By Tony Edwards, DrBicuspid.com editor in chief

May 14, 2018 -- Do you test your older patients for obstructive sleep apnea (OSA)? The researchers of a new study suggest you should, as they found that these patients are at high risk for OSA and often are not tested.

More than 1,000 older individuals were surveyed about their sleep and their risk for OSA. While more than half were estimated to be at high risk for sleep apnea, less than 10% of these patients had been screened. The results were published in the Journal of the American Geriatrics Society (May 9, 2018).

"We see that OSA was rarely evaluated, but when it was, it was almost always confirmed," stated co-lead author Galit Levi Dunietz, PhD, MPH, in a Michigan Medicine release. "This suggests an opportunity to increase the evaluation among older Americans."

Dunietz is a postdoctoral research fellow in sleep epidemiology at Michigan Medicine's Sleep Disorders Center at the University of Michigan in Ann Arbor.

Underevaluation

The prevalence of obstructive sleep apnea in older adults in the U.S. is unknown, with some of the best studies conducted 30 or more years ago. Researchers wanted to find out how many older Americans are at risk for OSA and if these patients receive OSA evaluations, diagnosis, and treatment.

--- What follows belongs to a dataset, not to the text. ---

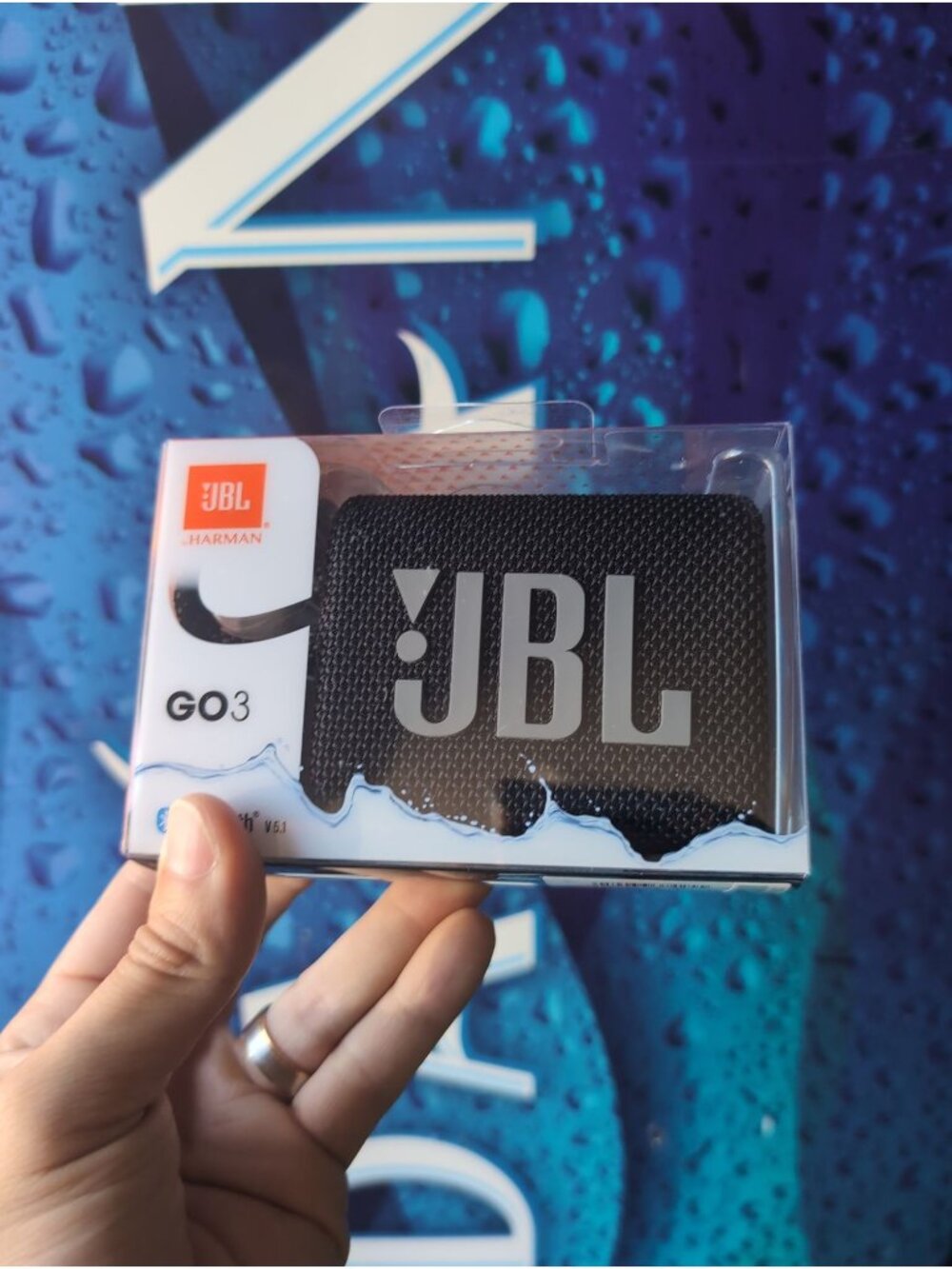 JBL Go 3 - Portable Mini Bluetooth Speaker New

“We see that OSA was rarely evaluated, but when it was, it was almost always confirmed.”
— Galit Levi Dunietz, PhD, MPH

Data were obtained from the National Health and Aging Trends Study, a study that included more than 1,000 community-dwelling Medicare beneficiaries age 65 and older.

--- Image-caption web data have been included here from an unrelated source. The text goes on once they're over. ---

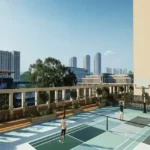 Fortune Florence Siddharth Nagar Borivali East Rooftop Sports Court Amenity
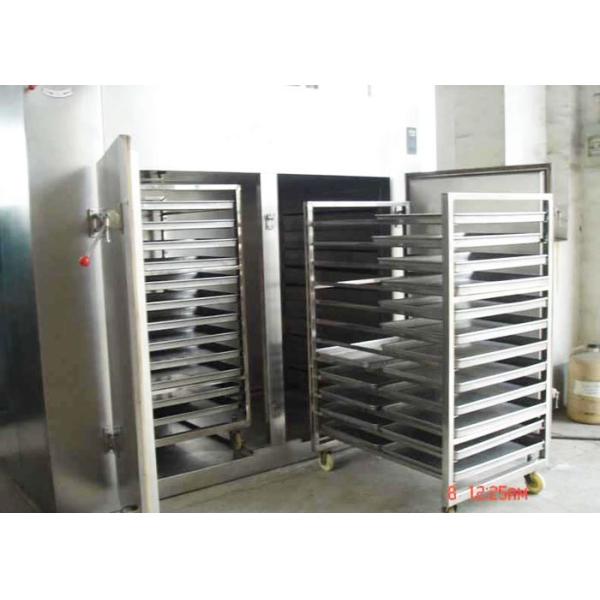 Stainless Steel 3450cbm Industrial Tray Dryer Food Dehydration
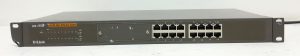 D-Link DES-1016R+ 16-Port 10/100 Fast Ethernet Switch - Image 2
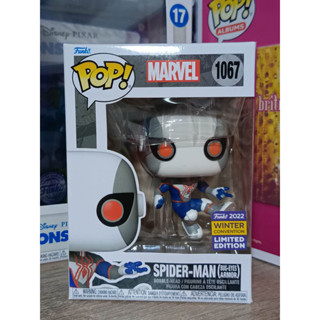 Funko Pop! : Spider-Man - Spider-Man in Bug-Eyes Armor [ กล่องสินค้า - 9/10 ]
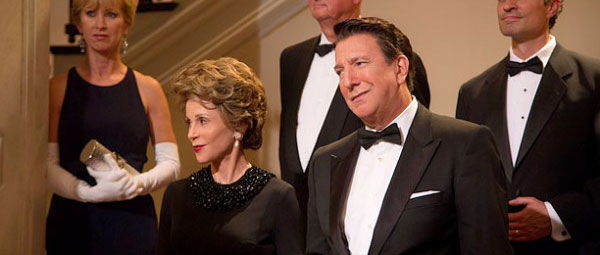The Butlers aparte casting: Jane Fonda (!) als Nancy en Alan Rickman als Ronald Reagan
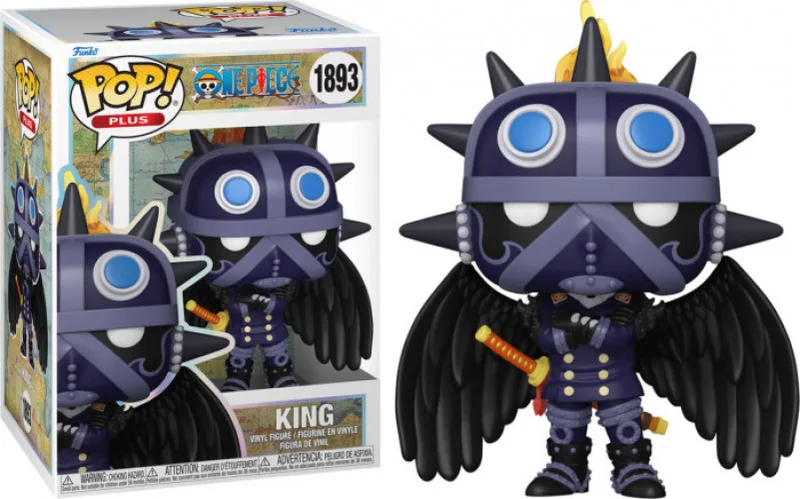 One Piece Funko Pop Vinyl: King by Funko – product photo 1 of 2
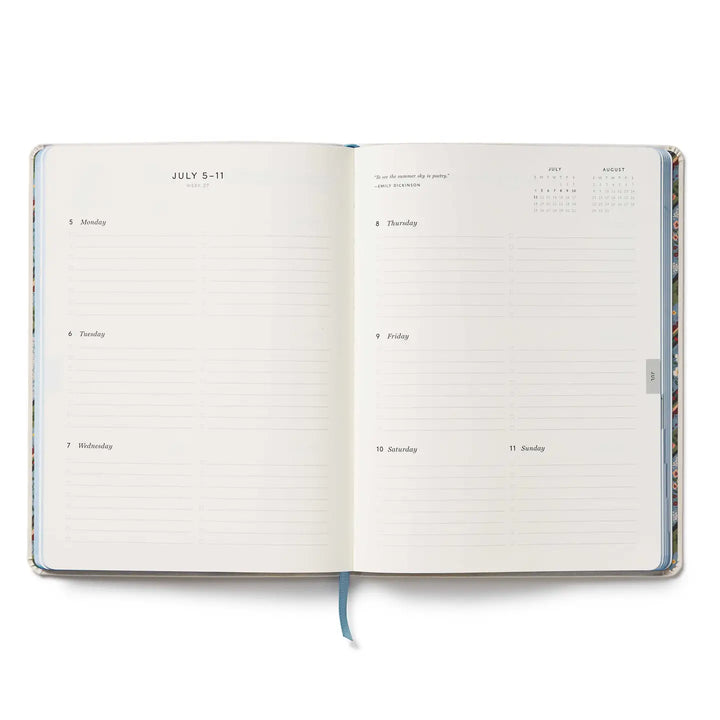 Rifle Paper Co. Paper 2027 Heritage Sampler 12-Month Bookbound Planner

Study participants were asked specific questions about sleep disturbances, including items that resembled the STOP-Bang Questionnaire, which is used to assess OSA risk. The STOP-Bang acronym stands for snoring, tiredness, observed apneas, high blood pressure, body mass index, age, neck circumference, and gender.

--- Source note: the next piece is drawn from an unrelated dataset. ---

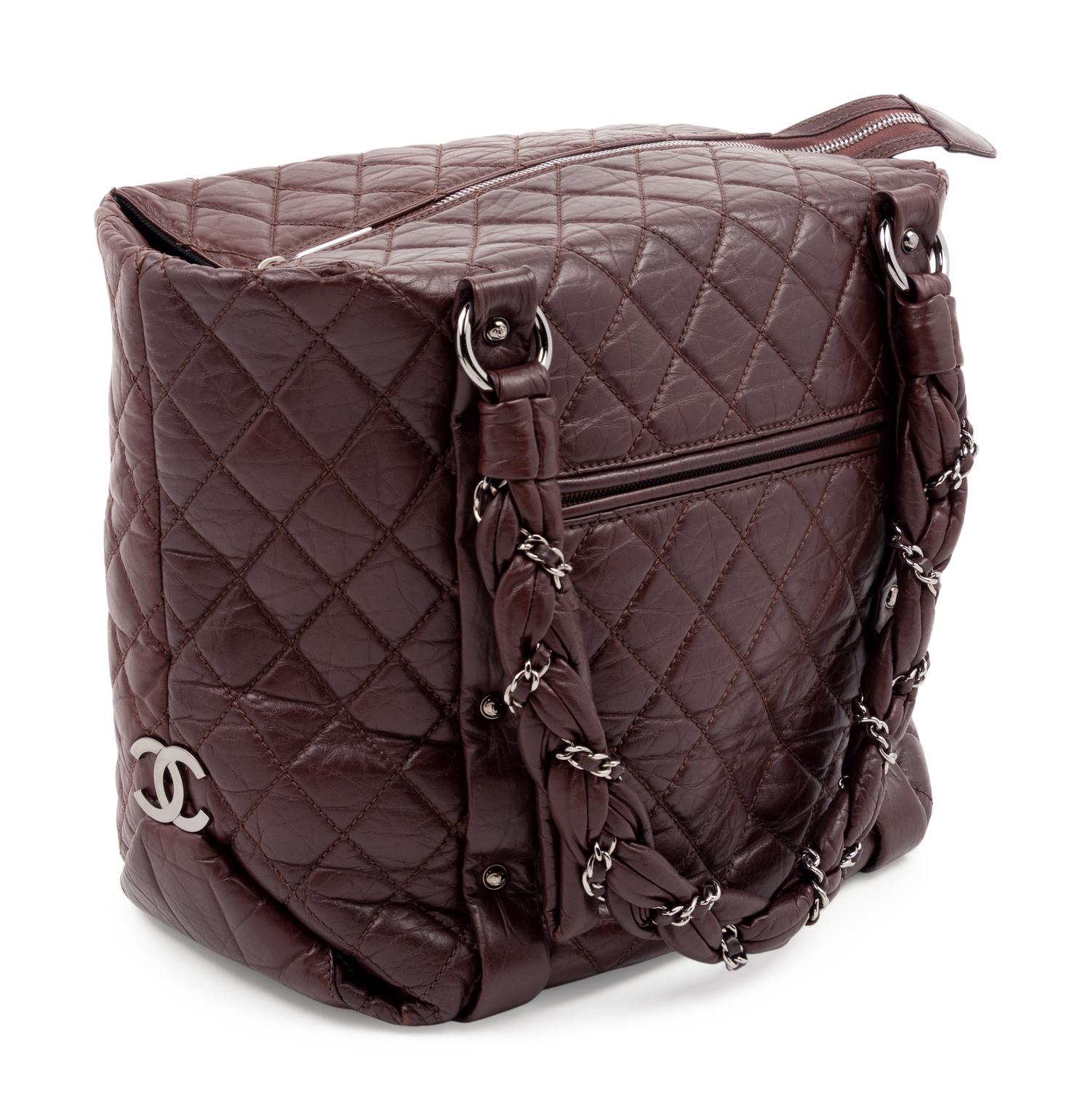 Chanel Quilted Leather Tote Bag, 2005-2006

This questionnaire has a high sensitivity to predict patients at risk for OSA. In general, a score of 0 to 2 on the questionnaire is considered low risk, 3 to 4 is considered moderate risk, and 5 or greater is considered high risk.

The researchers found that 56% of those who completed the questionnaire were estimated to be at high risk of OSA (95% confidence interval [CI]: 53% to 59%), but only 8% of these patients had been tested for it (95% CI: 5% to 11%).

Of those tested, 94% were diagnosed with OSA (95% CI: 87% to 100%). Treatment with positive airway pressure was prescribed for 82% of participants with an OSA diagnosis (95% CI: 65% to 99%). More than 80% of these patients were prescribed positive airway pressure (PAP) equipment.

The remaining 44% of respondents had a score of 2 or less on the questionnaire. Only 2% of these patients had received OSA evaluations (95% CI: 0.8% to 4%). Most of these patients (90%) received an ICD-9 coded OSA diagnosis (95% CI: 88% to 92%), and 50% were prescribed PAP equipment (95% CI: 38% to 62%).

More screening needed

The study authors noted that the questionnaire used resembled the STOP-Bang questionnaire but that the alterations in some questions may have excluded some at-risk participants. In addition, their study did not include Medicare Advantage beneficiaries, which could limit the study's generalizability.

However, the authors concluded from this representative sample of community-dwelling Medicare beneficiaries that high OSA risk is common but seldom investigated.

"The main concern is the underdiagnosis of OSA," Dunietz stated.